“Se hanno avuto una storia, essa è priva di eventi; se hanno interessi comuni, non sono tali da farne una classe omogenea; se avranno un futuro, non sarà certo opera loro”. Un autorevole e sconfortante ritratto degli  impiegati pubblici, la fetta più consistente dei colletti bianchi. Tanti sacrifici, compiuti da idealisti genitori, che hanno fatto studiare i loro figli perché potessero diventare “figure patetiche piuttosto che tragiche”, individui senza indipendenza, “creature sempre di qualcun altro”, agrimensori K, … impiegati pubblici. Una  categoria che risulta essere, almeno in Italia, la più bistrattata e osteggiata; trattata male sia dagli utenti e sia dal datore di lavoro. Un impiegato delle poste viene accusato di incompetenza, lentezza e inefficienza dal cittadino esausto per l’interminabile fila allo sportello. Nello stesso tempo dirigente generale e ministro di turno scaricano sugli stessi dipendenti colpe e lamentele degli utenti per il malfunzionamento del servizio. “La classe operaia va in paradiso”, imprenditori e liberi professionisti sulla terra non se la passano male, i dipendenti pubblici, invece, sono solo dei pedanti burocrati, oziosi, poco amati e divoratori di eccessive risorse finanziarie perché ritenuti troppo numerosi. Ma sono davvero tanti i dipendenti pubblici?

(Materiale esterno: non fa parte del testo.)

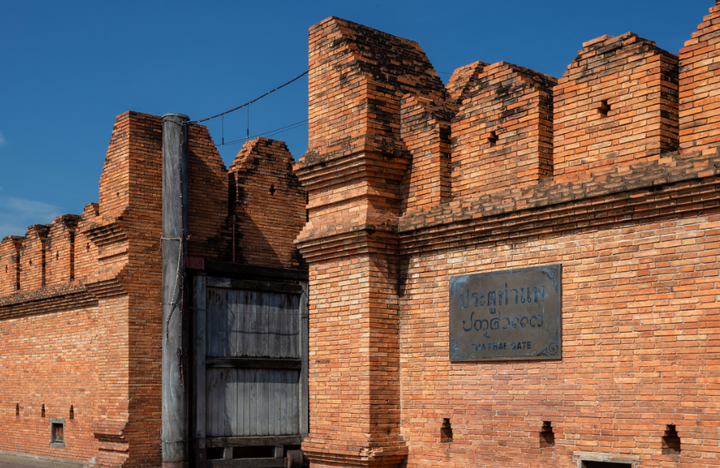 Chiang Mai's Old City: A Neighbourhood Guide for First-Timers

In Europa la media degli impiegati pubblici è del 5,88% della popolazione. In Italia statali e lavoratori delle amministrazioni periferiche sono il 5,7%, più o meno gli stessi della Germania (5,47%); in Inghilterra ne hanno di meno (3,41%), ma svedesi e francesi ci superano abbondantemente (rispettivamente 12,36% e 8%). Scopriamo, con sorpresa, di essere  in perfetta media con gli altri stati d’Europa. E allora come mai tanta ostilità nei confronti dei pubblici travet da definirli assenteisti, fannulloni e privilegiati?  Perché, purtroppo, in Italia la qualità dei servizi è decisamente scadente e l’impostazione della prestazione lavorativa troppo irrispettosa verso l’utenza.

Non credo che esista una graduatoria sulla qualità e l’efficienza dei servizi offerti dalla pubblica amministrazione nei paesi d’Europa; se ci fosse, probabilmente, il nostro Paese occuperebbe un posto tra gli ultimi. I motivi sono principalmente tre.

L’organizzazione del lavoro, quanto meno superata, di tipo gerarchico-lineare che non consente nessuna autonomia dei singoli funzionari e comporta, causa la lentezza delle decisioni, un modesto livello di efficienza e un’esasperazione della burocratizzazione. Competenze che si accavallano, enti superflui, modalità di trasmissione macchinose e accidentate tra i vari uffici, completano l’elenco dei disservizi da eliminare.

Soddisfatti o infuriati: quale sentimento prevale dopo una mezza giornata sprecata a rincorrere cavilli burocratici o impiegata nella snervante attesa di una prestazione sanitaria? Spesso il secondo, perché da parte degli enti pubblici non si persegue il benessere sociale, bensì le modalità di utilizzo delle risorse. È un “potere degli uffici” “al servizio esclusivo della nazione” che, parteggiando per gli interessi pubblici, non si pone come obiettivo prioritario l’appagamento di un bisogno del cittadino.

Infine i criteri di reclutamento, soprattutto per le cariche di responsabilità, non garantiscono la migliore competenza possibile per l’adempimento di una funzione. Nomine politiche, clientelismo, voto di scambio, interessi lobbistici, nepotismo occulto, baronie, calpestano il merito e, favorendo l’appartenenza, piuttosto che intelligenza, capacità e impegno,  promuovono figure professionali  inadeguate e mediocri. È la causa principale dell’inefficienza dei servizi pubblici ed è l’ostacolo più difficile da rimuovere.

Attivare un processo di riorganizzazione e riqualificazione del personale, attraverso dei corsi di addestramento e di formazione miranti ad ottenere la soddisfazione dell’utenza, non sarebbe granché complicato. La trasformazione di una dirigenza servile e inconcludente in una figura dinamica, collaborativa e decisionale richiederebbe, invece, tempi non brevi, qualche misura drastica e delle precise scelte politiche.

Ancora una volta, come del resto è giusto che sia, la politica, nel bene e nel male, pianifica e definisce la qualità di un servizio pubblico. D’altronde è impensabile che individui senza indipendenza e “creature sempre di qualcun altro”, possano autodeterminarsi e da soli decidere come organizzarsi e regolamentarsi. Fatalisti e rassegnati, i dipendenti pubblici, si limitano ad esplicare, come da contratto e, quindi, senza infamia e senza lode o coscienziosamente, la propria mansione.